This little light of mine, I'm gonna let it shine...

Thursday, July 2, 2009

You Do Something Every Day

Ever since my boss went on her month long leave, I've reverted to my sneaky selfish old ways as the employed. Sorry world, it's too hard to conform. Besides: "The reward for conformity is that everyone likes you except yourself." -Rita Mae Brown

In that vein I want to quickly get somethings down.
I have realized that my driving interest is depth. I am interested, almost solely, in the fullness of experience. I cannot befriend people who do not live deeply because I get too bored, tense, or impatient.
It is I that you have to persuade if you want to captivate, experience, capture my very person. What I offer is far too precious to be passed out like circulars for Walgreens. Treasures are not to be had for the asking alone. You must love the journey, thrill of adventure, create the story that ends in bliss.
The above is from a user on fetlife. It is still hard for me to embody her first two sentences but I am coming to live this understanding more and more everyday. I threw myself into these teeming city ponds when I was young. I was strong and fierce but clueless. The clues are becoming more and more congruent, I am valuable to an epic degree. So are we all.

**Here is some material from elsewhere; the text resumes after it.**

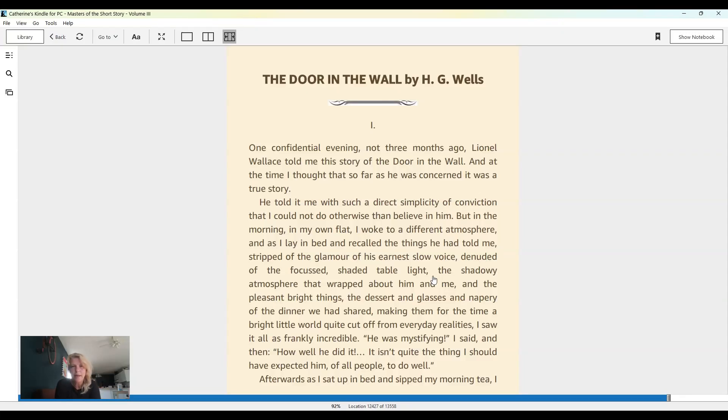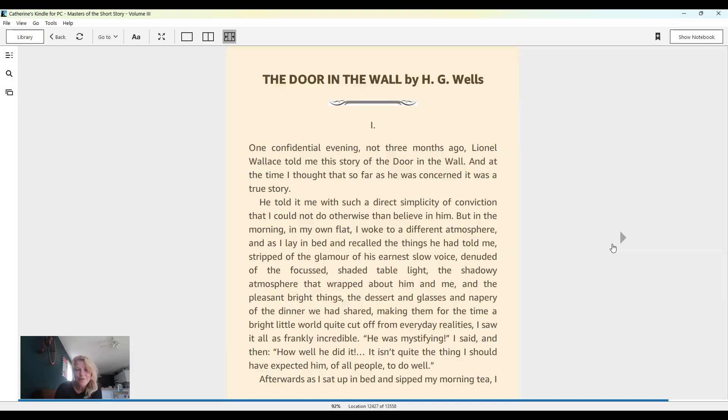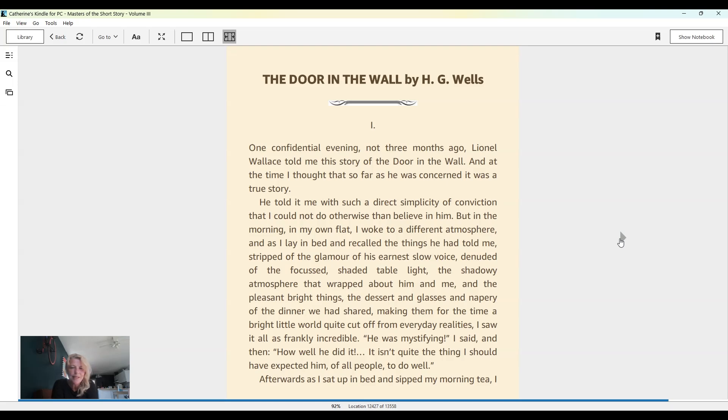The Door in the Wall by H.G. Wells. One confidential evening, not three months ago, Lionel Wallace told me this story of the door in the wall, and at the time I thought that so far as he was concerned, it was a true story. He told it me with such a direct simplicity of conviction that I could not do otherwise than believe in him. But in the morning in my own flat I woke to a different atmosphere, and as I lay in bed and recalled the things he had told me, stripped of the glamour of his earnest slow voice, denuded of the focused shaded table light, the shadowy atmosphere that wrapped about him and me, and the pleasant bright things, the dessert and glasses and napery of the dinner we had shared, making them for the time a bright little world quite cut off from everyday realities.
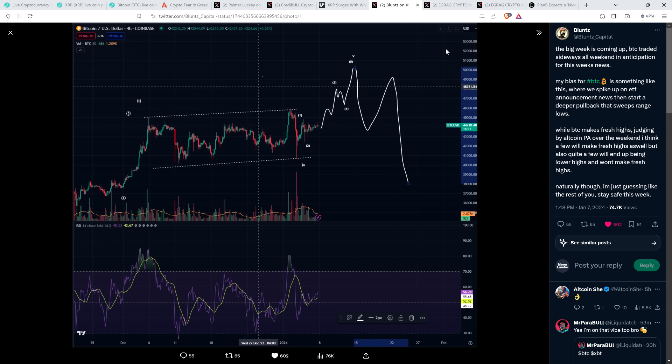And so then he says, so while Bitcoin makes fresh highs, judging by altcoin price action over the weekend, I think a few will make fresh highs as well. But also quite a few will end up being lower highs and won't make fresh highs. Naturally though, I'm just guessing like the rest of you, stay safe this week. And I say fair enough. We're all just guessing. We'll see what happens here. But either way, obviously as time passes, more money flows in, price go up. That's why, like I always say, it's time in the market, not timing the market.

Delving more deeply into the BDSM world reveals to me that these threads do not weave a sexual tapestry alone. This information, what I am learning and discovering, often has more to do with who I am as a person and what values I hold closely. The line between kinky sex and everyday life become less and less important, how you live is how you live no matter what you're doing. ((It's vague here...I have a date to get to...this is a later edit.))

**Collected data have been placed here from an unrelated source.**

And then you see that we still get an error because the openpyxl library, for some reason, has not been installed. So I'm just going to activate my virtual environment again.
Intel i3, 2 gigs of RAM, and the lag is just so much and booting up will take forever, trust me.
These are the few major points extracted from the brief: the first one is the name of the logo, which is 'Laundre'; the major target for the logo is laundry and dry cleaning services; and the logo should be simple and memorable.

I am still doing splendidly. All this work (my god I did so much behind the scenes planting since 2004) is finally bearing edible fruit. I am finding myself going more habitually to the ways I want for myself and old habits are losing strength. I am recognizing patterns in myself, ways that I behave, and correcting them quickly, gently, and soundly.
Here's a typical night at home after work: I get home, my cats are all over me. The first thing I do is take off all or most of my clothing (doesn't everyone do this?). Then I turn on music. I don't get much time at home, to myself, so I have mental lists miles long of things I want to finish, begin, or work on. It takes me quite some time to channel the 'work for other people' energy out of me and I'm impatient. I'm particularly impatient with myself (or at least I used to be...).
To modify my thinking, being, breathing, perception, I turn to a commonly known weed for advice. The weed tends to make the options spin faster in the air around my head for a time. I become physically tense and uncomfortable, my breathing seems to shallow, my mind seems to freeze before all these rotating options and then I spiral downward into an anxious inertia full of self directed frustration and criticism.

This pattern happens almost every time I get a night at home. I try to make more space for nights at home so it doesn't seem that my to do lists get attention starved and snarled, but that rarely pans out.
I've wondered over and over about my "reliance" on this commonly known and easy to grow plant. I always come back to the simple desire as being a thing to be respected in itself and try not to ruin yet another good thing with anxious over-analyzing.

It happened last night. I could feel myself getting breathless and tense and knew I had to act fast before the maw of undone options ate me alive and left me a knotted up mess of darkness. I got on my bike and rode as hard as I could for 25 minutes. I came home and did a rejuvenating and relaxing 40 minutes of strenuous yoga. Afterward I lay on my bed smiling for a time until it became clear to me how much time I had and what things I needed or wanted to accomplish. I set to work, no knots, no doubts, no anxiety. I realized what I'd just done.

These successes are invisible to the outsider. No one will congratulate me for paying my bills, picking up my strewn about clothes and scooping the cat box...except me (unless I proudly catalog these everyday successes to someone else, which I do). I will definitely congratulate myself for that and more. I am learning my lessons. I am holding my ground. I am a peaceful warrior: ready to act when necessary and stable enough to stand contentedly until action is needed.

1 comment:

Tara said...

Your evolution is so beautiful and inspiring. I'd love to hear more about how bdsm leads and weaves with this journey.